[Image-text web data]
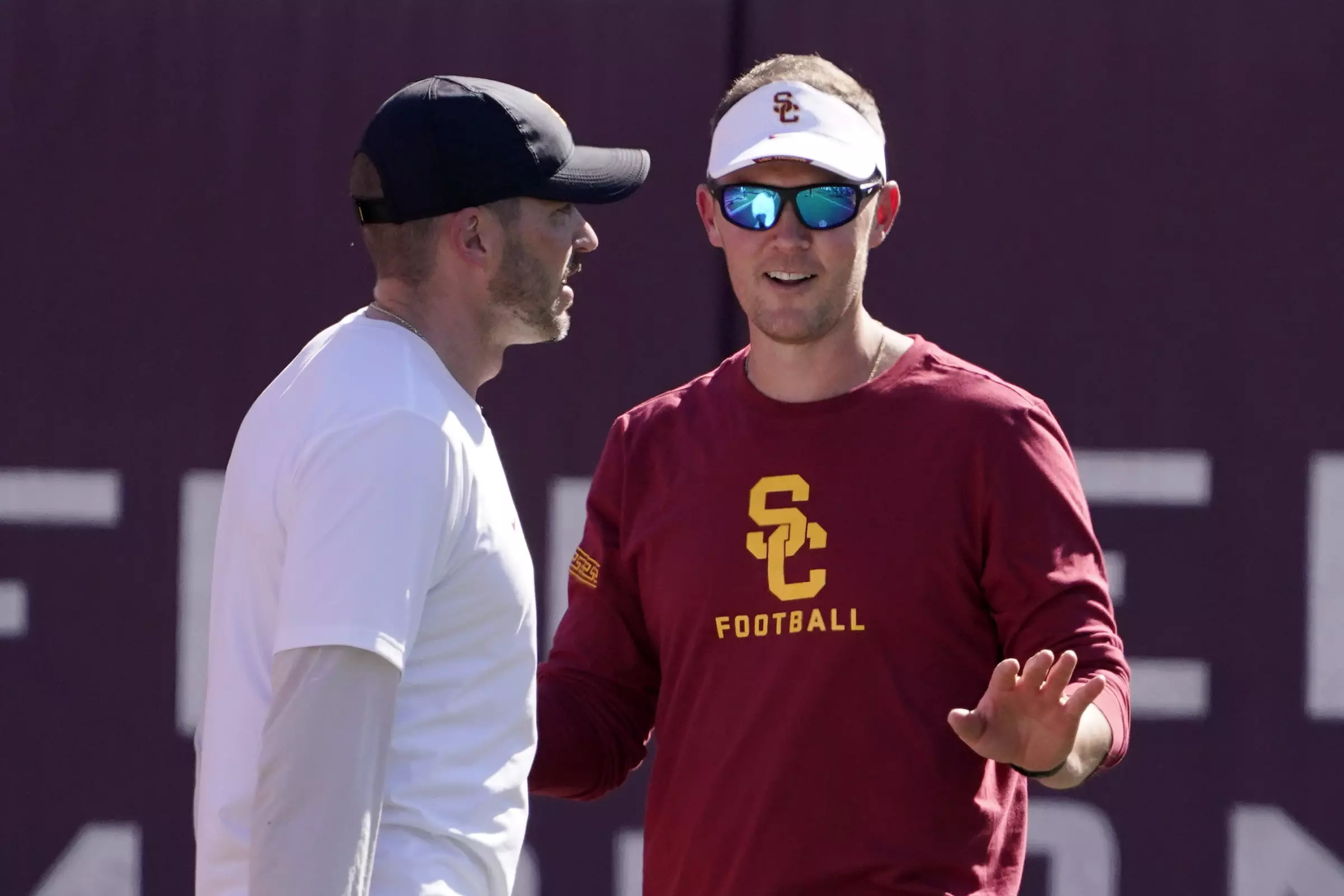 USC defensive coordinator Alex Grinch, left, and coach Lincoln Riley are taking plenty of heat this fall for the Trojans’ lack of defense.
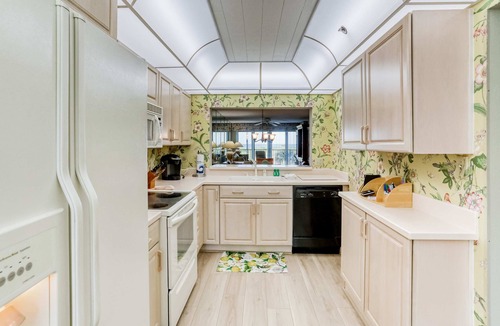 Sand Key House | Second floor condo with pool and tennis court private WD and central AC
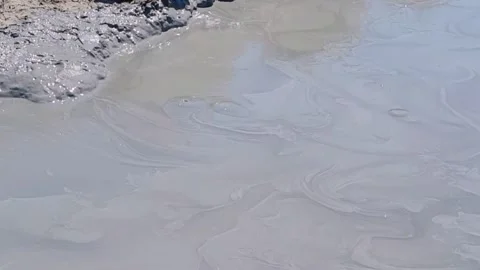 Mud volcano Hephaestus. Close up bubbles in mud volcano Pool with ladder to go d Stock Footage 301466860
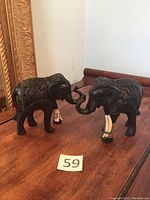 Two black resin elephant figurines facing each other, showing carved decorative patterns and white tusks on a wooden surface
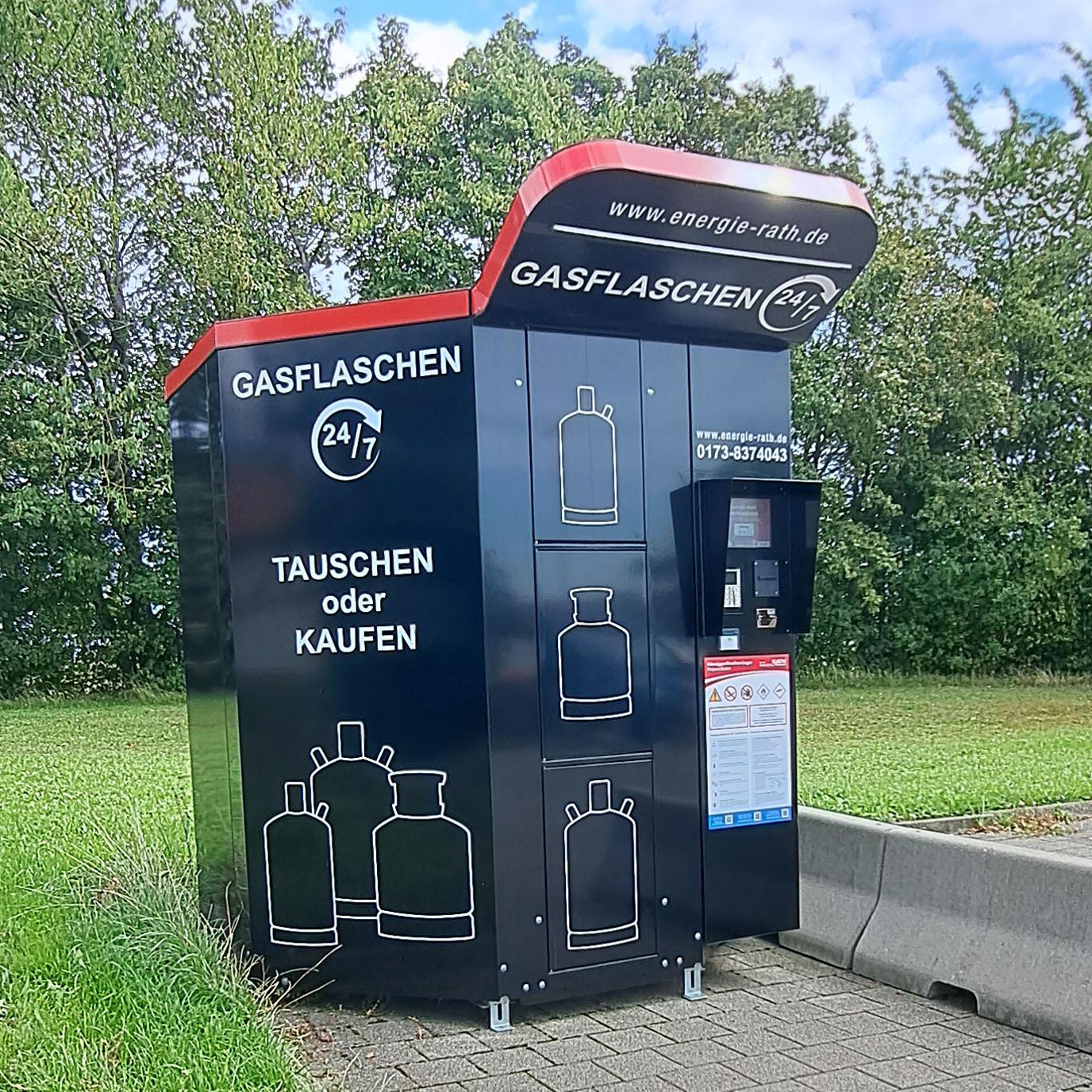 Freistehender Gasflaschenautomat auf einer Wiese neben einer Zufahrt
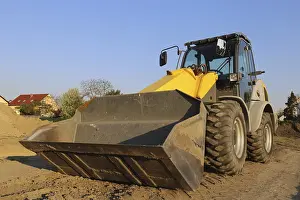 Construction Site Germany Prints: Wheel loader at sunset, here in the RingstraBe development area (Mutterstadt)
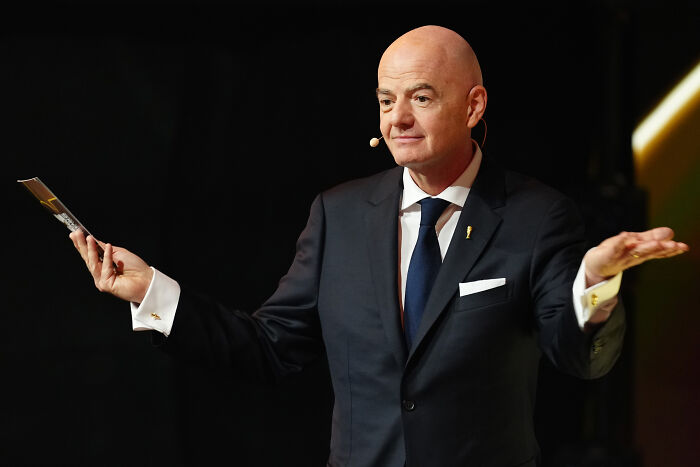 FIFA President Gianni Infantino in a dark suit speaking at an event amid ethics complaint over peace prize controversy. FIFA President Gianni Infantino in a dark suit speaking at an event amid ethics complaint over peace prize controversy.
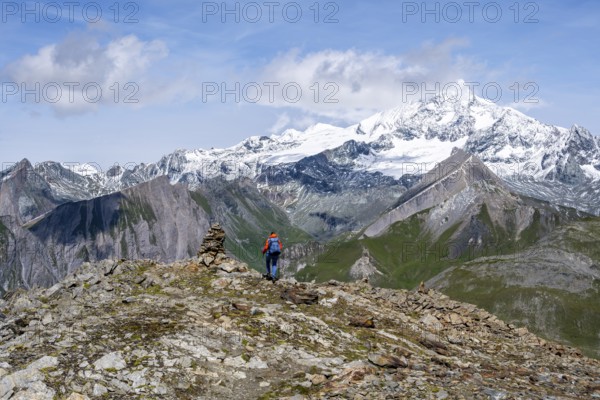 Female mountaineer on hiking trail with cairn, behind glaciated and snow-covered summit of the Großglockner, Wiener Höhenweg, Schober group, Hohe Tauern National Park, Carinthia, Austria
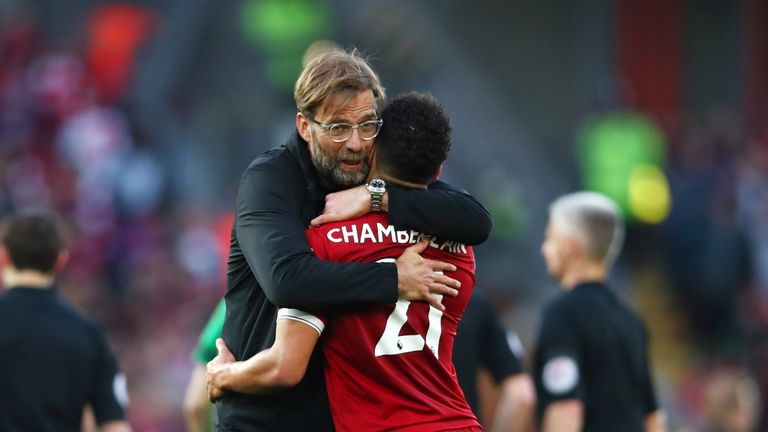 Jurgen Klopp celebrates the 3-0 victory over Bournemouth with Alex Oxlade-Chamberlain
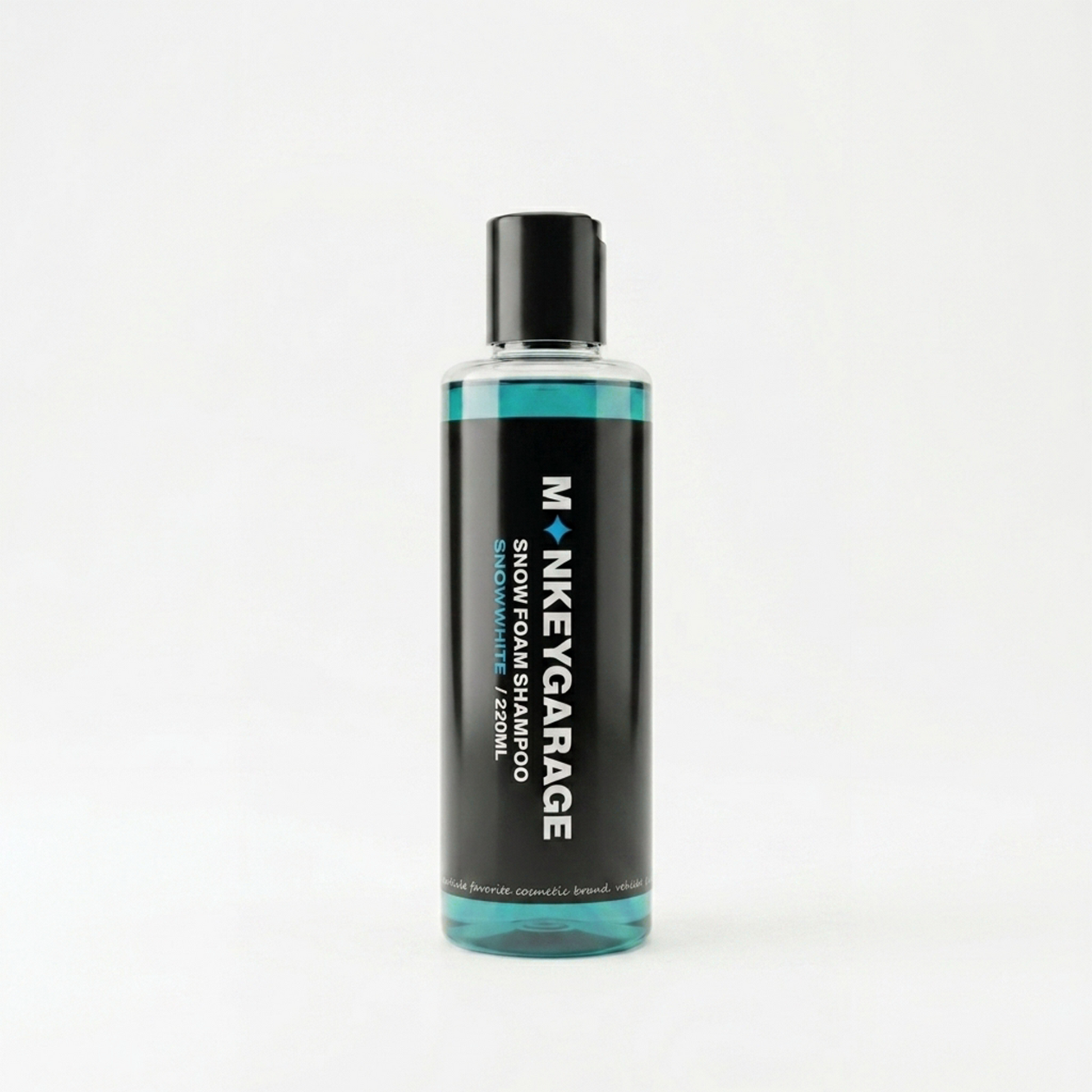 Bottle of Monkey Garage snow foam shampoo on a white background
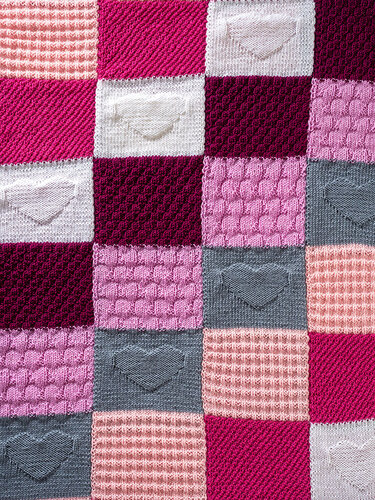 Nahaufnahme einer gestrickten Patchwork-Decke aus Quadraten in Rosa-, Bordeaux- und Grautönen mit Herz- und Noppenmustern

### WHAT NEEDS TO BE DONE
I would like the exact lines from the data above, starting with the one that holds "Sand Key House" and going on through the one that holds "Freistehender Gasflaschenautomat auf", without the pictures.

### TASK RESPONSE
 Sand Key House | Second floor condo with pool and tennis court private WD and central AC
 Mud volcano Hephaestus. Close up bubbles in mud volcano Pool with ladder to go d Stock Footage 301466860
 Two black resin elephant figurines facing each other, showing carved decorative patterns and white tusks on a wooden surface
 Freistehender Gasflaschenautomat auf einer Wiese neben einer Zufahrt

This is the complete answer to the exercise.